● Provided information:
....

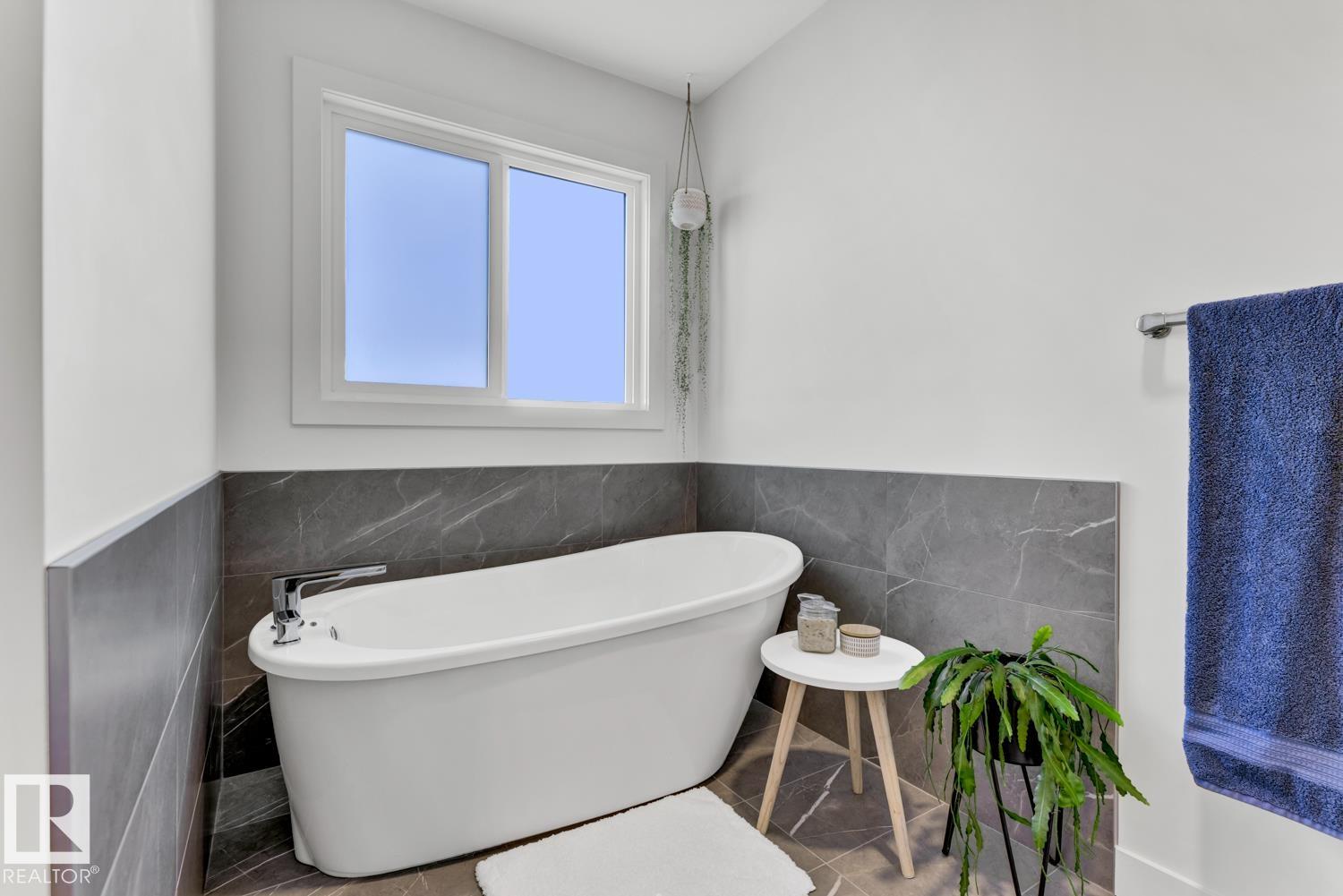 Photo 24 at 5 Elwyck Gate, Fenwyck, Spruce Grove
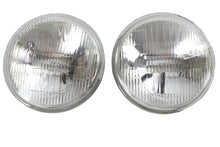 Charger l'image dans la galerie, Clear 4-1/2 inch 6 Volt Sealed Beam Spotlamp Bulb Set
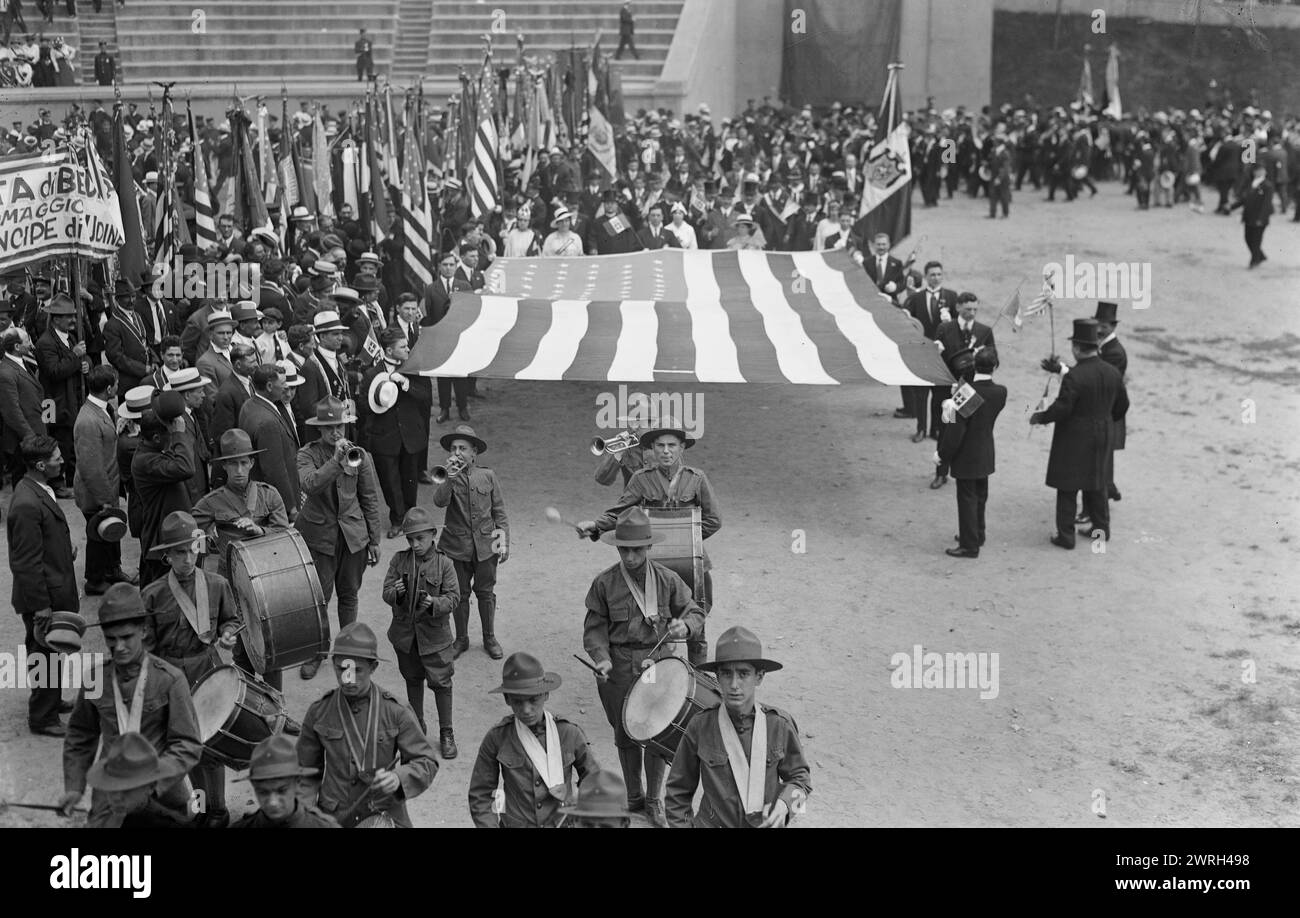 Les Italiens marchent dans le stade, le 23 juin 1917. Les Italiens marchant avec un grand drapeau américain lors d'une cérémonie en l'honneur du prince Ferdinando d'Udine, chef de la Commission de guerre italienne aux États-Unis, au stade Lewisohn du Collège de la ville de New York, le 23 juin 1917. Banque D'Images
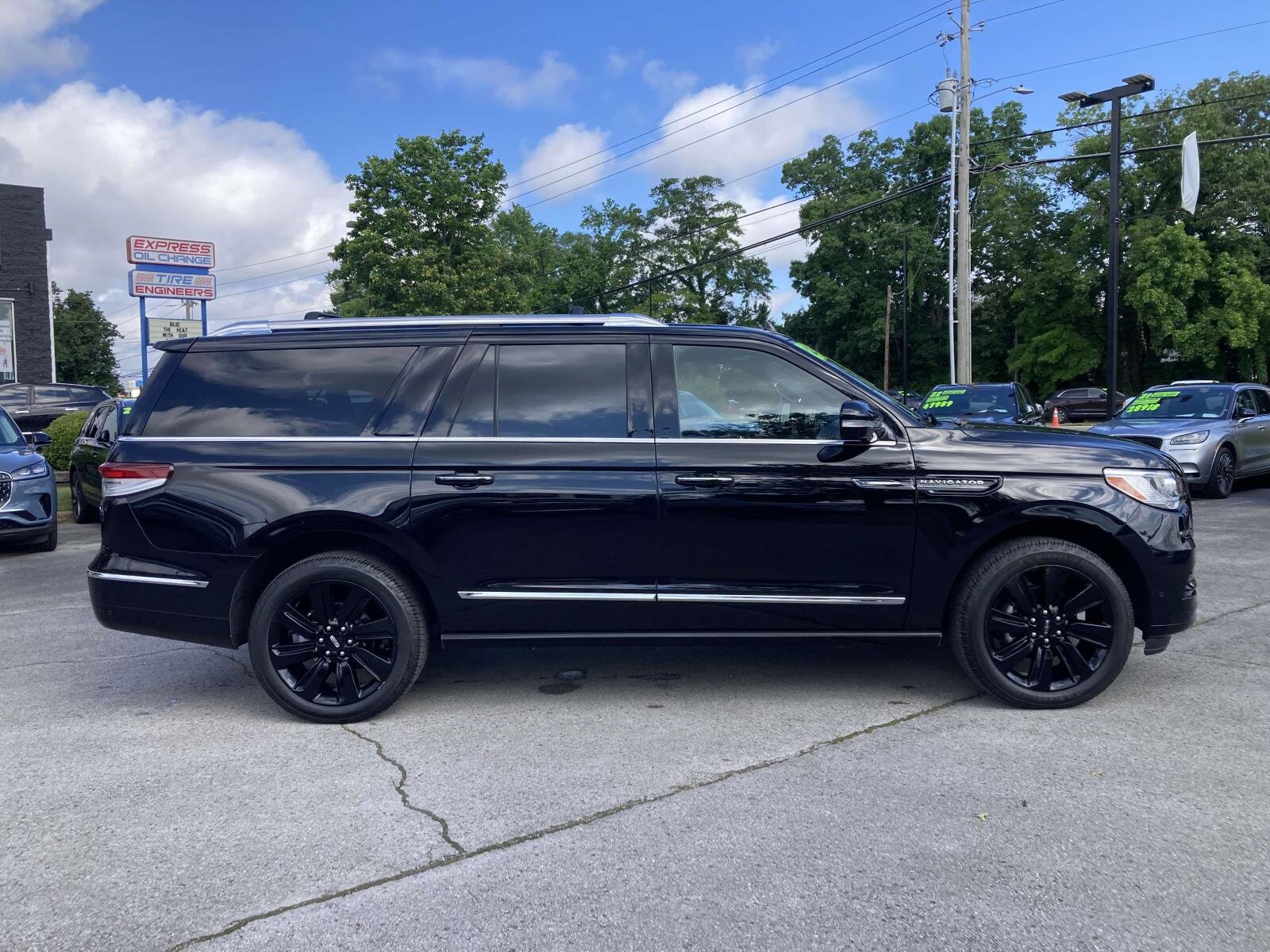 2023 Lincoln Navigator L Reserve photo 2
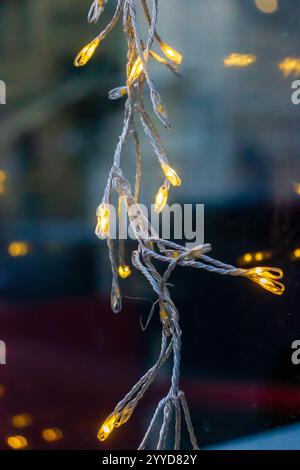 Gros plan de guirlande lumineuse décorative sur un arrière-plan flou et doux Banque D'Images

....

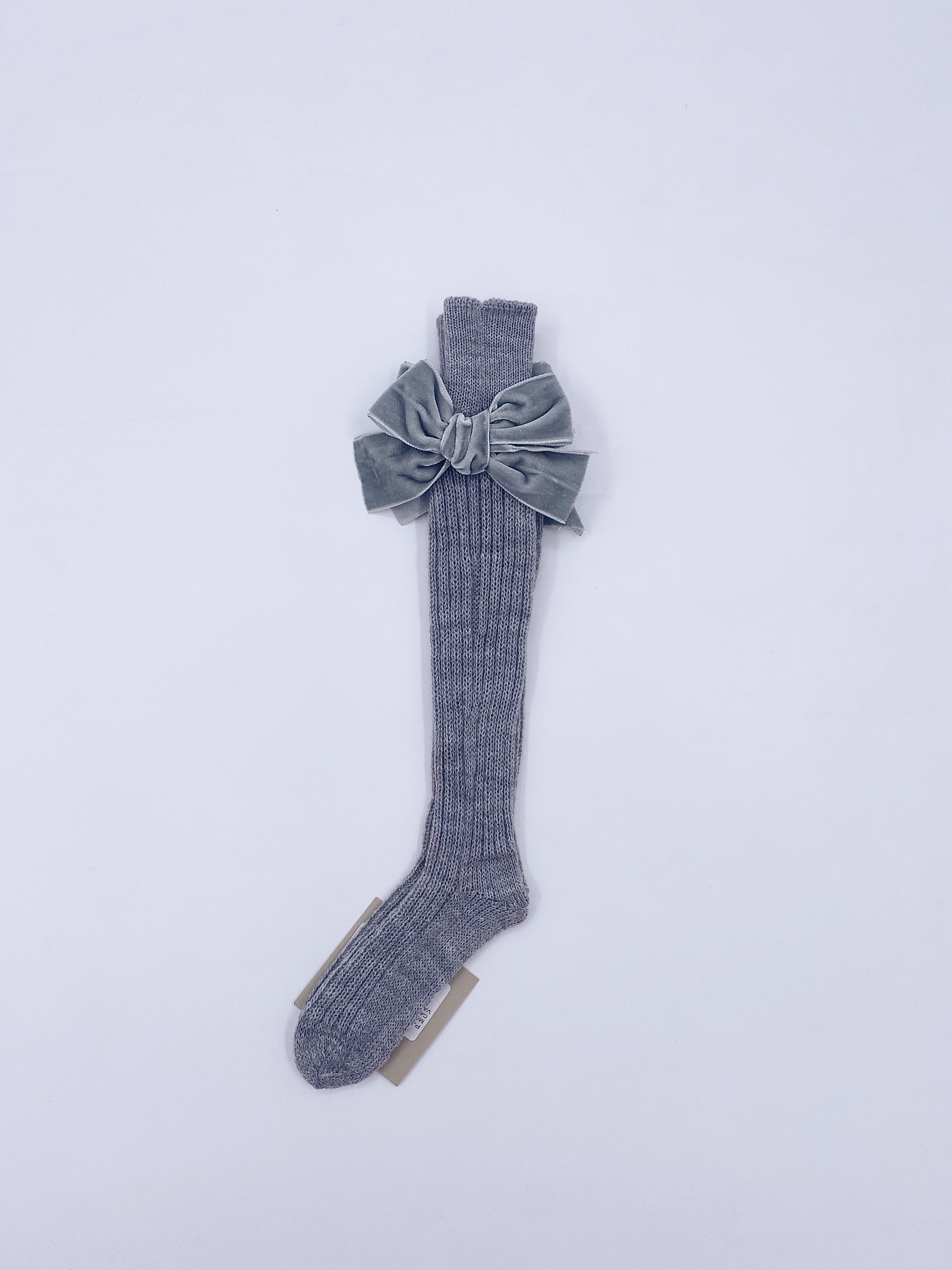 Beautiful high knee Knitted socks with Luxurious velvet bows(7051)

....

● Problem requirements: Once the line with "2023 Lincoln Navigator L Reserve photo 2" is found above, transcribe each line from it through the line with "Gros plan de", exactly, and omit the pictures.

● Final answer:
 2023 Lincoln Navigator L Reserve photo 2
 Gros plan de guirlande lumineuse décorative sur un arrière-plan flou et doux Banque D'Images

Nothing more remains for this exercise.